Compared with strain Z16, deletion of HMX1 gene encoding heme oxygenase responsible for heme degradation [39] further improved chelerythrine production by 18.52% in the Z17 strain (126.06 µg/L) (Fig. 4b). A previous study showed that feeding 5-aminolevulinic acid (5-ALA), the immediate precursor of heme biosynthesis, as the substrate markedly increased the intracellular heme level in yeast [37]. The effect of external supplementation with 5-ALA on chelerythrine production was also investigated, but no significant increase was observed (data not shown), indicating that 5-ALA was not a limiting precursor in this case.
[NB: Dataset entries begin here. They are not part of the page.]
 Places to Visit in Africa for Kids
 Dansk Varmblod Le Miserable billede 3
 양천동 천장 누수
Engineering NADPH supply increasing the titer of chelerythrine

Given that NADPH is a critical electron transfer cofactor in several catalytic steps of the chelerythrine biosynthesis pathway (Fig. 5a), NADPH deficiency might reduce P450 activity due to inefficient electron transfer. To increase chelerythrine yields, the ALD6 gene, which encodes cytosolic NADP⁺-dependent acetaldehyde dehydrogenase [40], was introduced into strain Z17 to enhance NADPH production. However, the chelerythrine titer did not increase significantly in this strain and the NADPH/NADP⁺ ratio remained low (Additional file 1: Fig. S6, Fig. S7), indicating that intracellular NADPH was still inadequate and required enhanced regeneration. The pentose phosphate pathway (PPP) has been identified as the primary source of NADPH (Fig. 5a). Integrating the key gene ZWF1 in PPP, encoding glucose-6-phosphate dehydrogenase, into strain Z17 resulted in strain Z18, which produced 144.22 µg/L of chelerythrine, representing an increase by 14.39% (Fig. 5b). Nevertheless, despite this improvement in the chelerythrine titer, the NADPH/NADP⁺ ratio in Z18 remained insufficient. To further increase NADPH supply, GND1, which encodes 6-phosphogluconate dehydrogenase that catalyzes the second oxidative reduction of NADP⁺ to NADPH in PPP, was introduced into strain Z18, generating strain Z19. Compared to strain Z18, the chelerythrine titer increased by 9.83% to 158.40 µg/L (Fig. 5b).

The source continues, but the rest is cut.